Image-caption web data
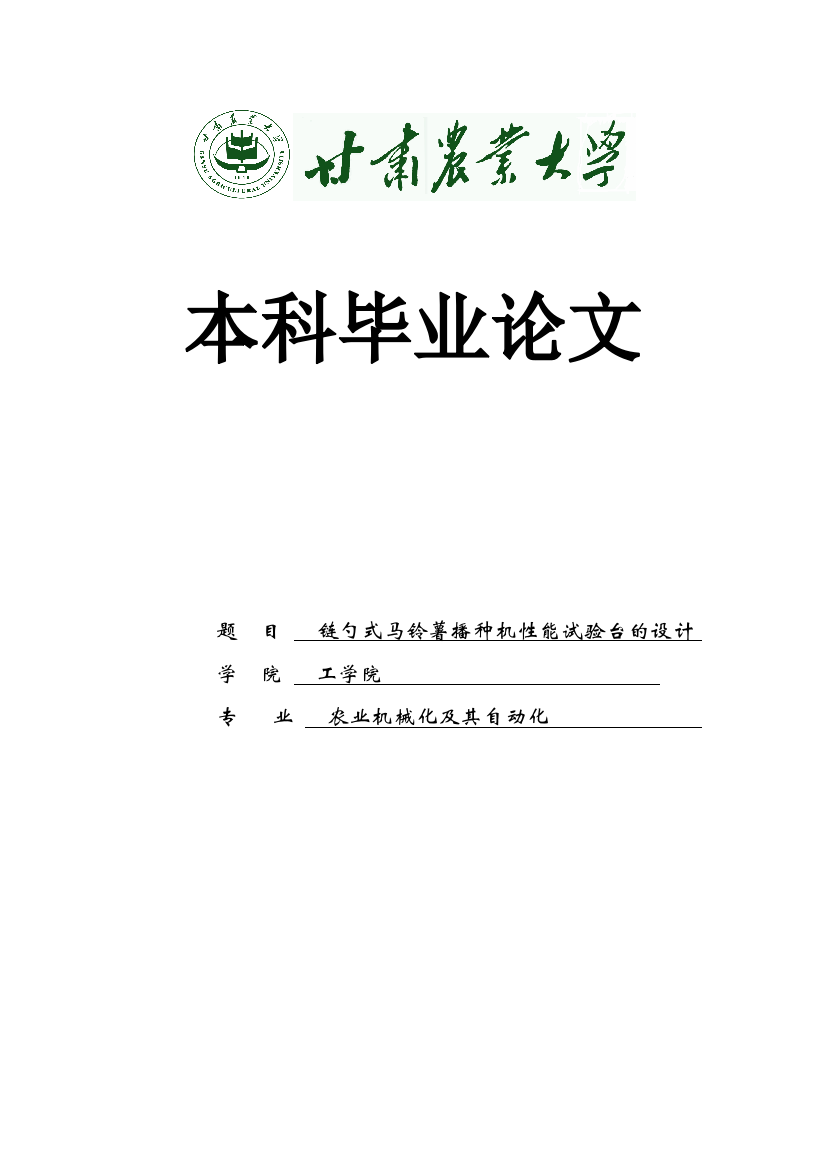 本科毕业设计--链勺式马铃薯播种机性能试验台的设计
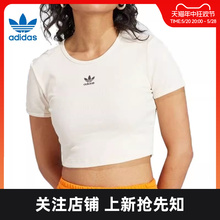 劲浪体育adidas阿迪达斯三叶草女子运动休闲短袖T恤IJ7804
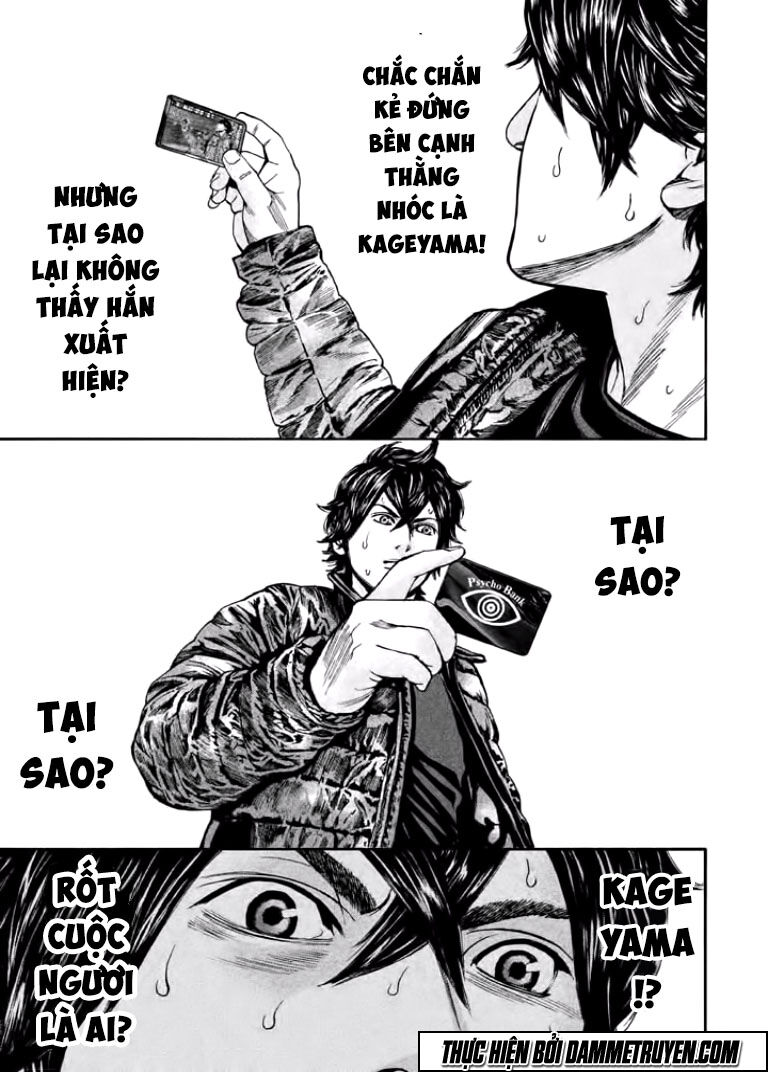 Psycho Bank Chap 11 - Next Chap 12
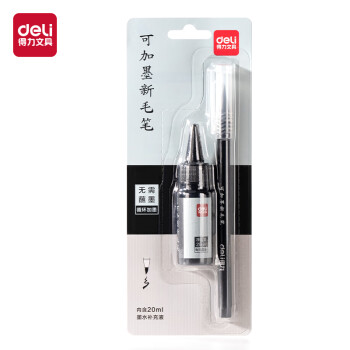Deli/得力 HW116可加墨新毛笔(黑)(卡)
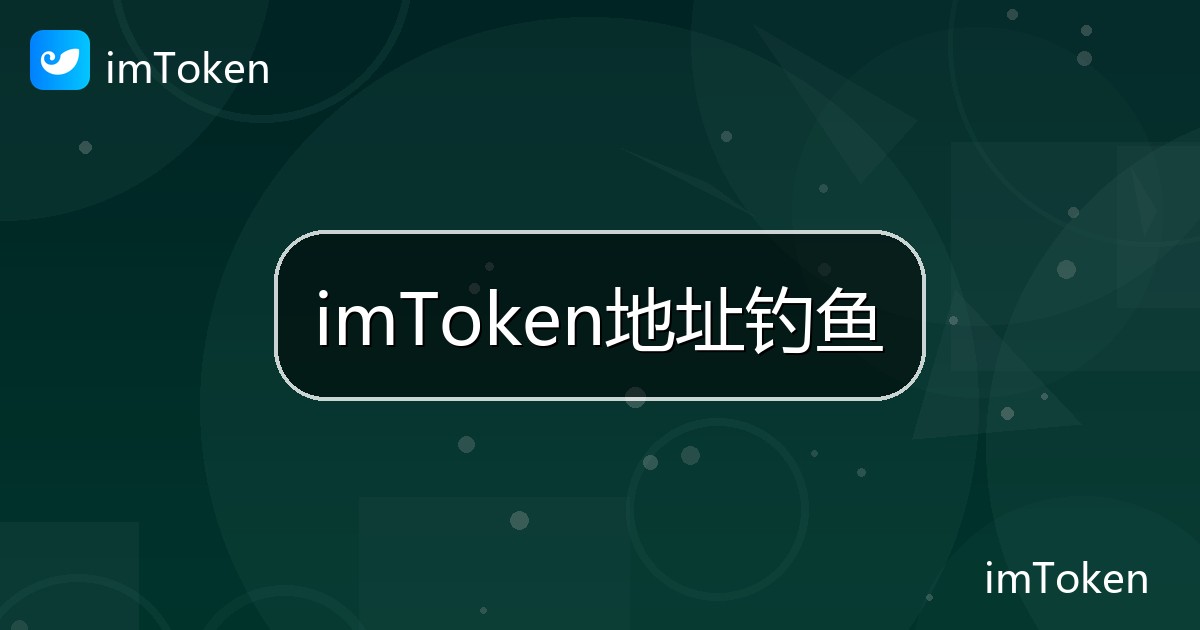 imToken地址钓鱼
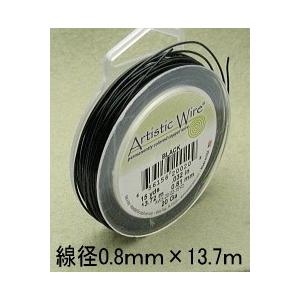 アーティスティックワイヤー ＃20 （線径0.8mm×13.7ｍ）（ ブラック）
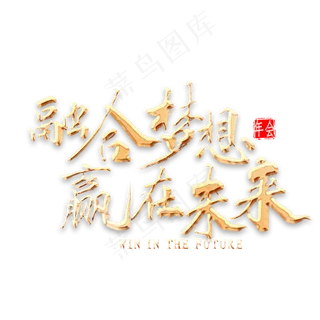 融合梦想赢在未来金色书法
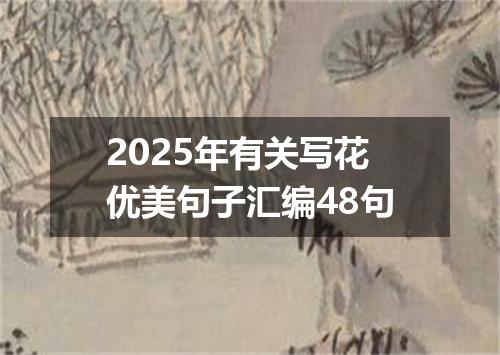 2025年有关写花优美句子汇编48句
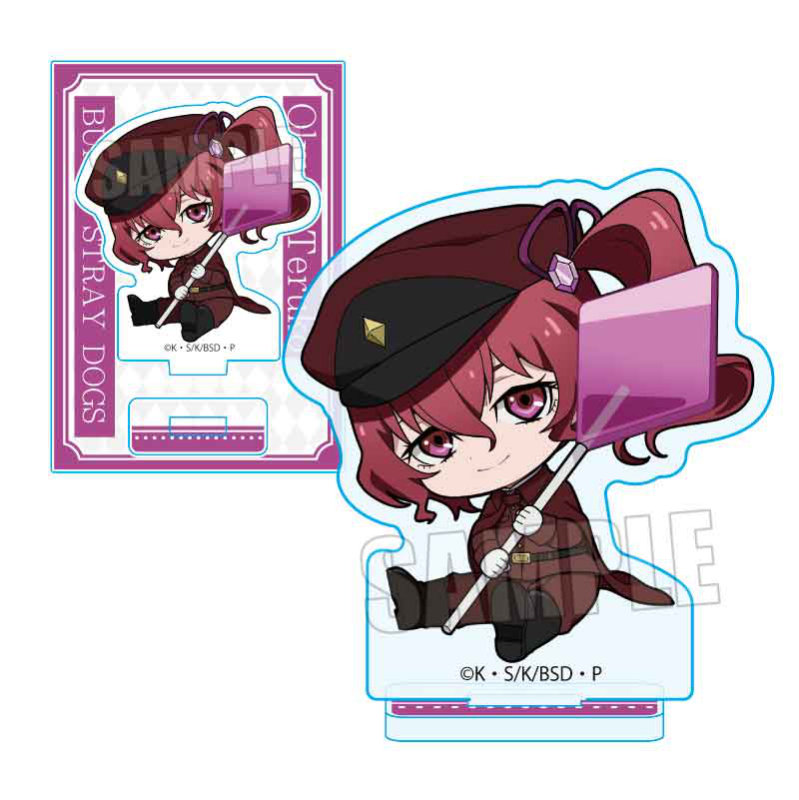 (PO) GyuGyutto Mini Stand Candy Ver. Bungo Stray Dogs Okura Teruko Image_1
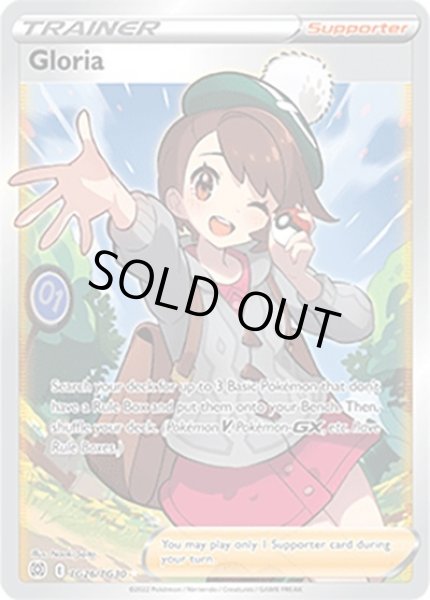 Gloria/ユウリ  (TG26 Ultra Rare) NM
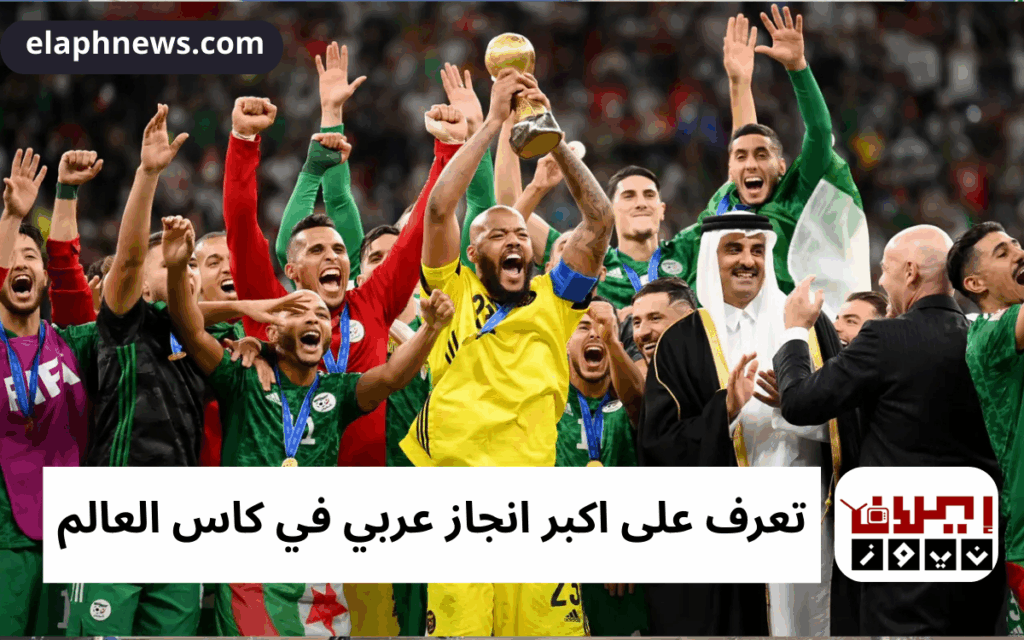 اكبر انجاز عربي في كاس العالم 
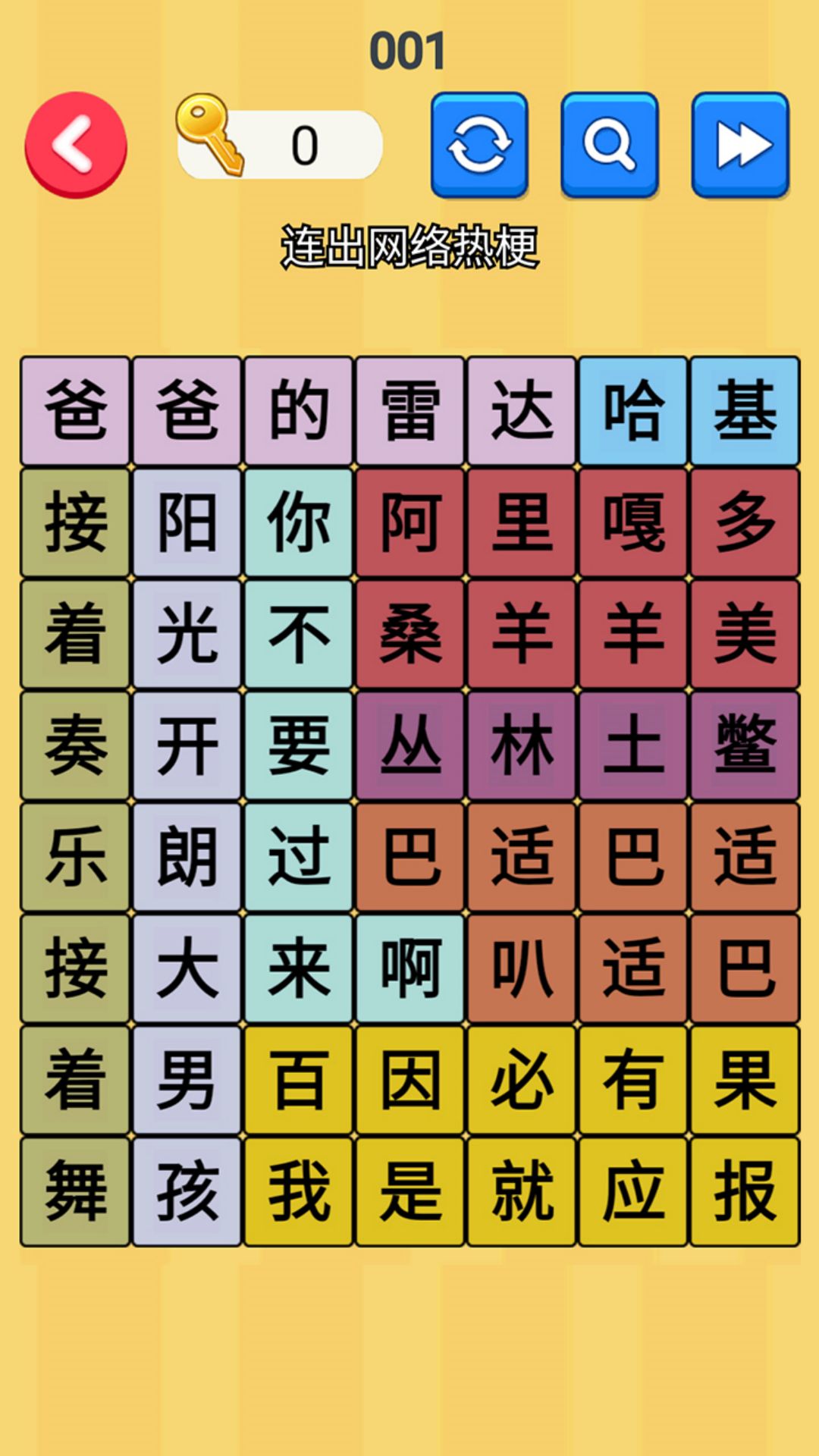 文字玩梗大师官方游戏下载 v1.0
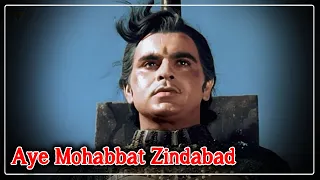 Aye Mohabbat Zindabad Video Song | Mughal E Azam Movie | Lata Mangeshkar,Dilip Kumar,Madhubala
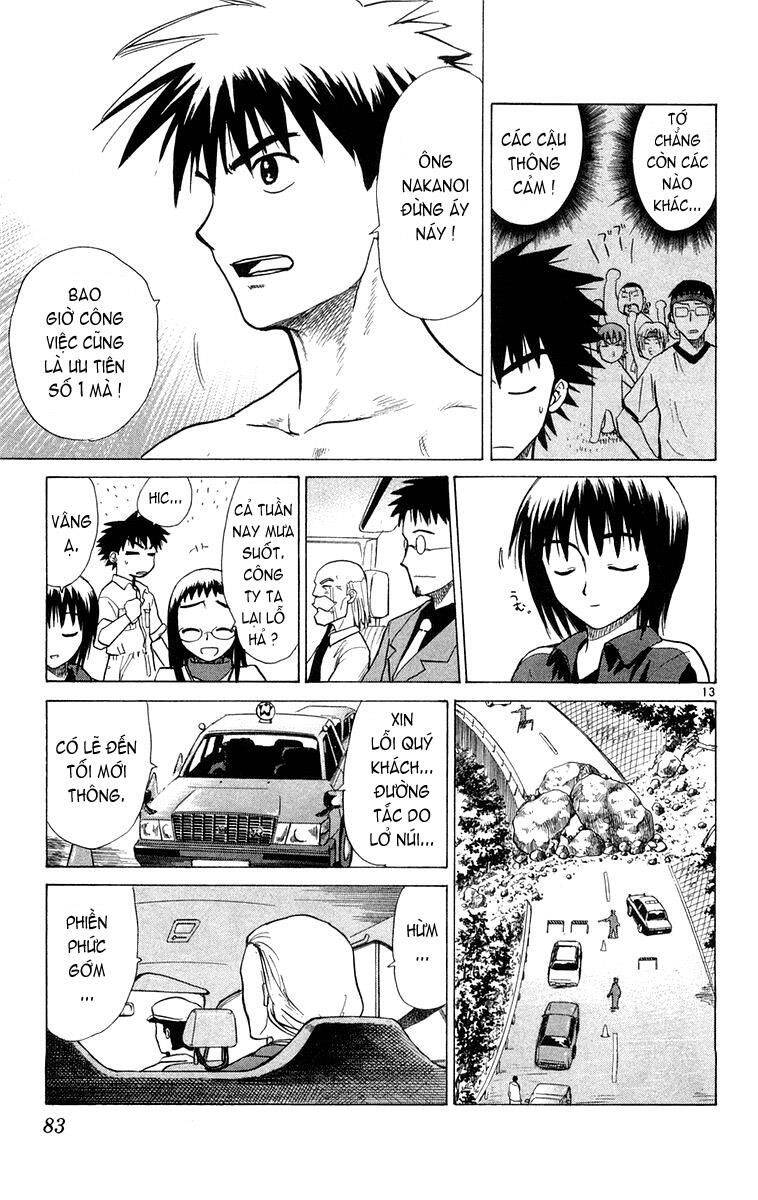 Kowashiya Gamon Chapter 12 - Trang 2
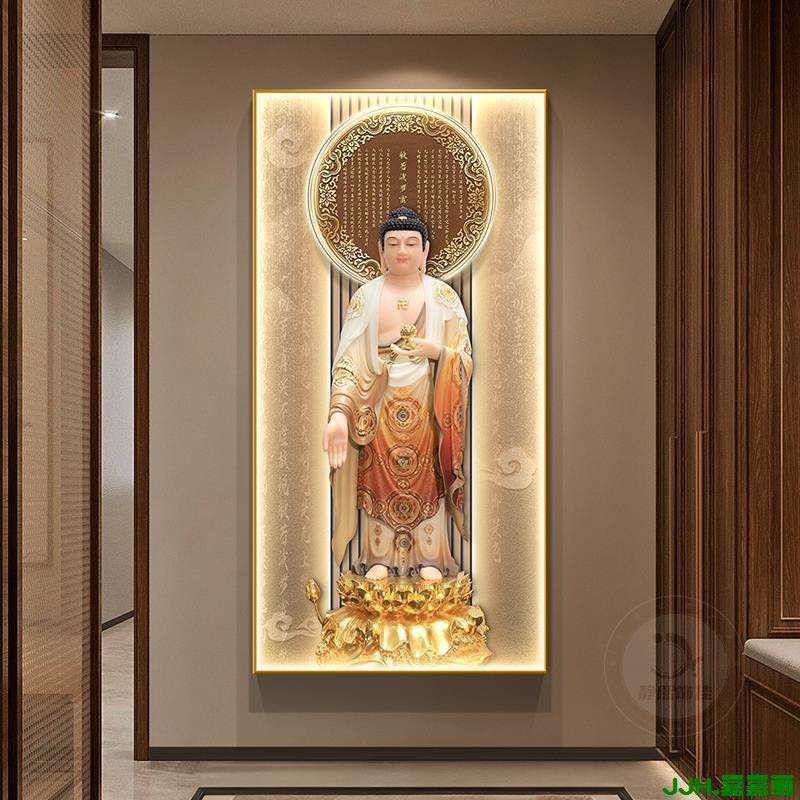 新中式心经玄关装饰画佛像家用佛堂供奉挂画像禅意观音菩萨壁画灯|undefined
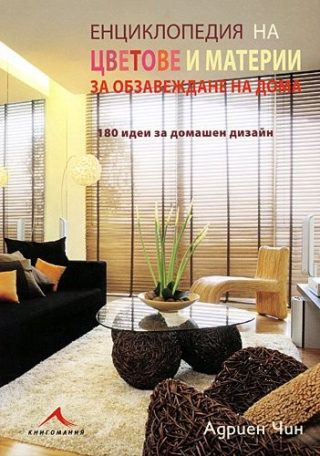 Енциклопедия на цветове и материи за обзавеждане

(EXERCISE DESCRIPTION):
Counting the line with "新中式心经玄关装饰画佛像家用" and the last line of the data above, transcribe those two lines and every line between them exactly, without the pictures.

(SOLUTION FOR THIS EXERCISE):
 新中式心经玄关装饰画佛像家用佛堂供奉挂画像禅意观音菩萨壁画灯|undefined
 Енциклопедия на цветове и материи за обзавеждане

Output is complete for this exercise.